# Longest stretch of motorway without exits



## Patrick (Sep 11, 2002)

A24 Hamburg-Berlin between Herzsprung (21) and Neuruppin (22): 23km
A19 Rostock-A24 between Röbel (18) and Wittstock (20): 24km. Exit 19 is missing, not built.
A5 A7-Frankfurt between Alsfeld-West (3) and Homberg (Ohm) (6): 23km. Exits 4 and 5 are missing and not built.
But it is quite hard to find exits with more than 15km distance to each other.


----------



## x-type (Aug 19, 2005)

in Croatia we have 2x33 km sections. both are at A1. first is Otočac - Perušić (runs threw very low populated area), second is Sveti Rok - Maslenica (it is going down from Velebit mountain and air line is not that large because motorway is twisting down from mountain zic-zac, and there lives absolutely nobody ). there is also possible to make 35 km without exits between Ogulin at A1 and Vrbovsko at A6, but there is intersection A1-A6 between.

older motorways (A3 and partially A1) built in 1980s have mostly exits each 20-25 km, but now some new exits are added between. newer motorways (A4, A6, A2) have more exits, about each 10-15 km, even less.

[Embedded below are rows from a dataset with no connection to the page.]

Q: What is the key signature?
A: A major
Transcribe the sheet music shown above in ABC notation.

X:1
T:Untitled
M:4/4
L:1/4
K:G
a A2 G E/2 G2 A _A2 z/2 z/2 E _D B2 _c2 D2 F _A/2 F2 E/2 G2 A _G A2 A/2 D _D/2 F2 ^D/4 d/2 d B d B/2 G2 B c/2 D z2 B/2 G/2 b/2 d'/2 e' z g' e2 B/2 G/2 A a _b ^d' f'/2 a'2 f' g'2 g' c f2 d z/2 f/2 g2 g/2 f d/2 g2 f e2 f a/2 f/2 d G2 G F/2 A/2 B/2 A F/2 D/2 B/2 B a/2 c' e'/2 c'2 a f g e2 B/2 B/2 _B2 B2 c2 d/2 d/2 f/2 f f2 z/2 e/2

A1 is special - it runs both threw high and low populated areas, so there is no rule for it


----------



## ChrisZwolle (May 7, 2006)

In Poland, there are pretty long stretches without exits too. Especially on the A2.

Between Nowy Tomysl and Buk 32km
Between Konin and Kolo 23km
Between Modla and Emilia also 23km


----------



## RawLee (Jul 9, 2007)

What is the point of having a motorway,if the traveller cant get off(or on) it?And if you miss your exit,you must go a 2x32km(or more)detour just to turn back...


----------



## ChrisZwolle (May 7, 2006)

^^ Yeah, but what if there isn't anything to exit to? Here in the Netherlands, every damn road has an exit.


----------



## x-type (Aug 19, 2005)

i've been thinking and found out one more reason why exits in Spain, France, Italy, Croatia or Portugal are not too often: because of closed type of tolling. it would be stupid if you would pay 0,10 or 0,20 € for a section :lol:


----------



## RawLee (Jul 9, 2007)

Chris1491 said:


> ^^ Yeah, but what if there isn't anything to exit to? Here in the Netherlands, every damn road has an exit.

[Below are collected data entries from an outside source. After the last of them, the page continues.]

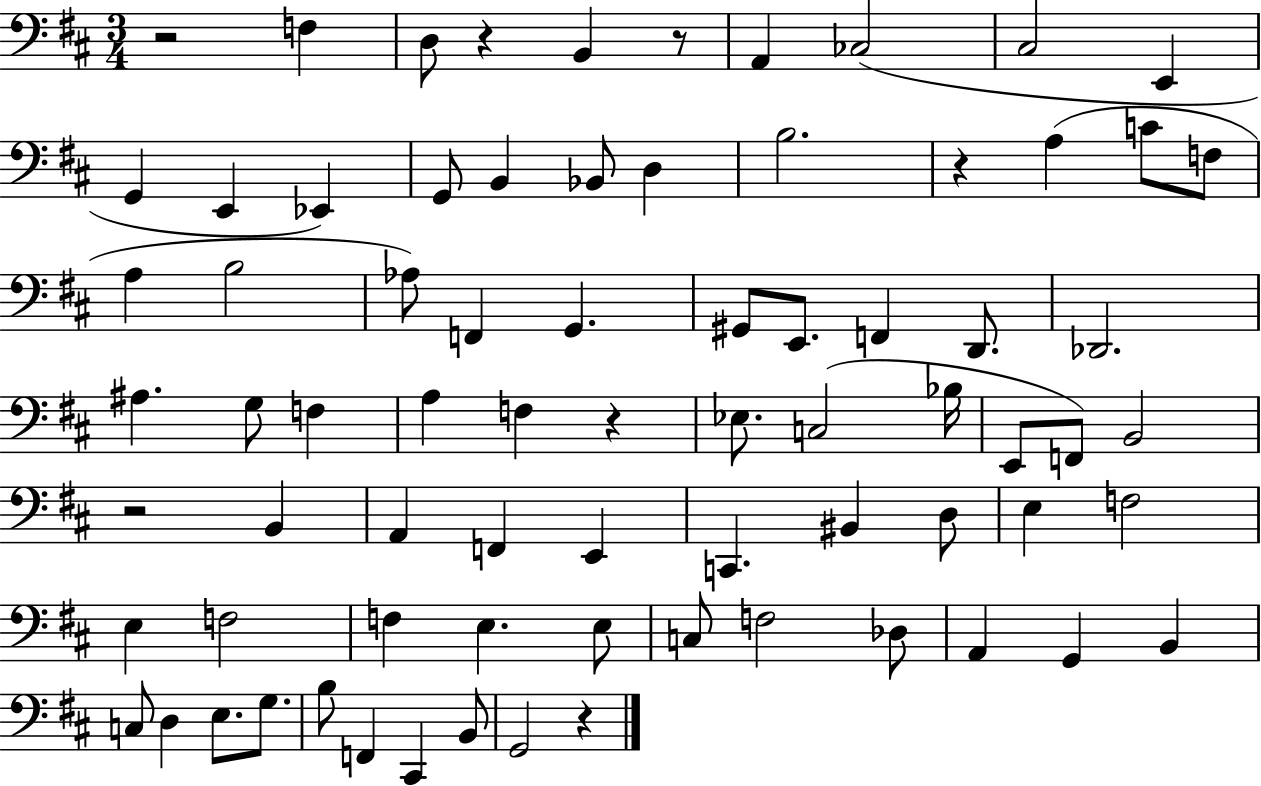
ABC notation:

X:1
T:Untitled
M:3/4
L:1/4
K:D
z2 F, D,/2 z B,, z/2 A,, _C,2 ^C,2 E,, G,, E,, _E,, G,,/2 B,, _B,,/2 D, B,2 z A, C/2 F,/2 A, B,2 _A,/2 F,, G,, ^G,,/2 E,,/2 F,, D,,/2 _D,,2 ^A, G,/2 F, A, F, z _E,/2 C,2 _B,/4 E,,/2 F,,/2 B,,2 z2 B,, A,, F,, E,, C,, ^B,, D,/2 E, F,2 E, F,2 F, E, E,/2 C,/2 F,2 _D,/2 A,, G,, B,, C,/2 D, E,/2 G,/2 B,/2 F,, ^C,, B,,/2 G,,2 z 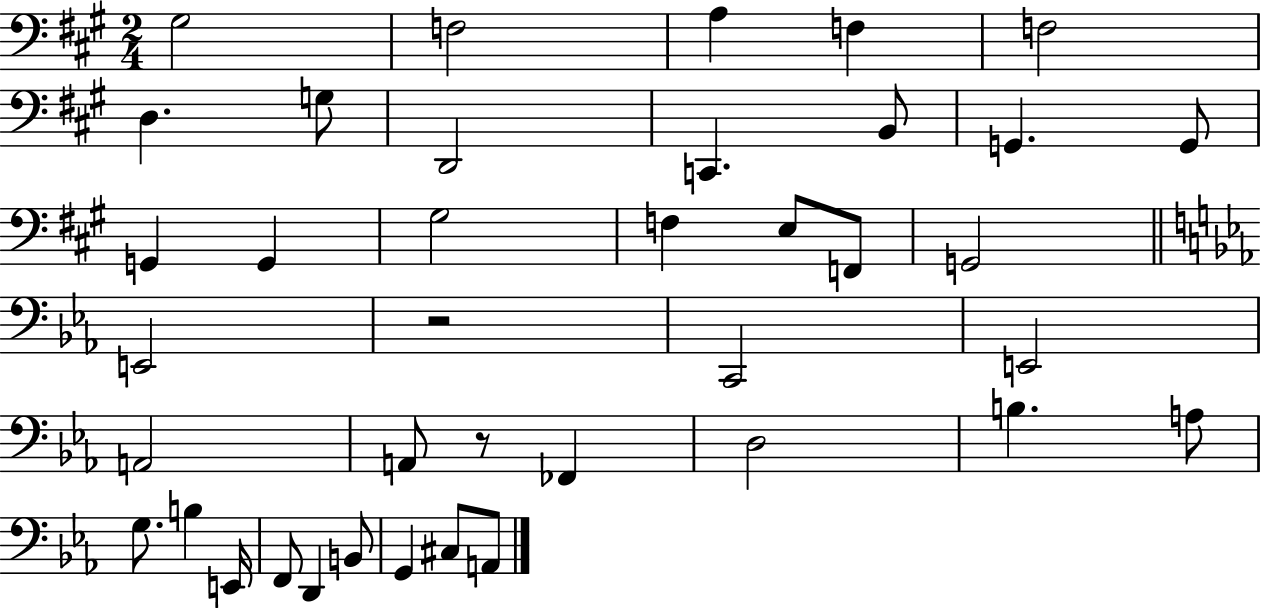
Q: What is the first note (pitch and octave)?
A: G#3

I'm not talking about agricultural roads(I dont know how you call them,but I hope you understand),but actual roads,where trucks and cars go. 
And yes,the tolling system would be a good explanation,but isnt the motorway system's purpose is that trucks and cars use that instead of rural roads? whats the point of limiting exits,if this is the goal?


----------



## x-type (Aug 19, 2005)

but you cannot expect a high truck traffic in some, dunno, let's try with Hungary - Nagyfüged or Kocs or i don't know which village more. of course that you'll have exit made for a city which needs it for truck traffic


----------



## RawLee (Jul 9, 2007)

x-type said:


> but you cannot expect a high truck traffic in some, dunno, let's try with Hungary - Nagyfüged or Kocs or i don't know which village more. of course that you'll have exit made for a city which needs it for truck traffic


True,but how do you want to encourage industry to build a factory in any given settlement(even villages have the right to factories,arent they?),if there is no motorway connection?


----------



## x-type (Aug 19, 2005)

true, but i'm sure there are mor attractive places to make investments before those and the other thing - you never have more then 35 km between 2 exits (rare exceptions are present, of course), so that's max 17,5 km far from exit, what is really not that much that would affect negatively to development of some place


----------



## RawLee (Jul 9, 2007)

x-type said:


> true, but i'm sure there are mor attractive places to make investments before those and the other thing - you never have more then 35 km between 2 exits (rare exceptions are present, of course), so that's max 17,5 km far from exit, what is really not that much that would affect negatively to development of some place


Its not about the attractiveness...people in that settlement want to work too..and in rural areas,public transport is not that frequent,so having the factory nearby is a good thing. But this is off...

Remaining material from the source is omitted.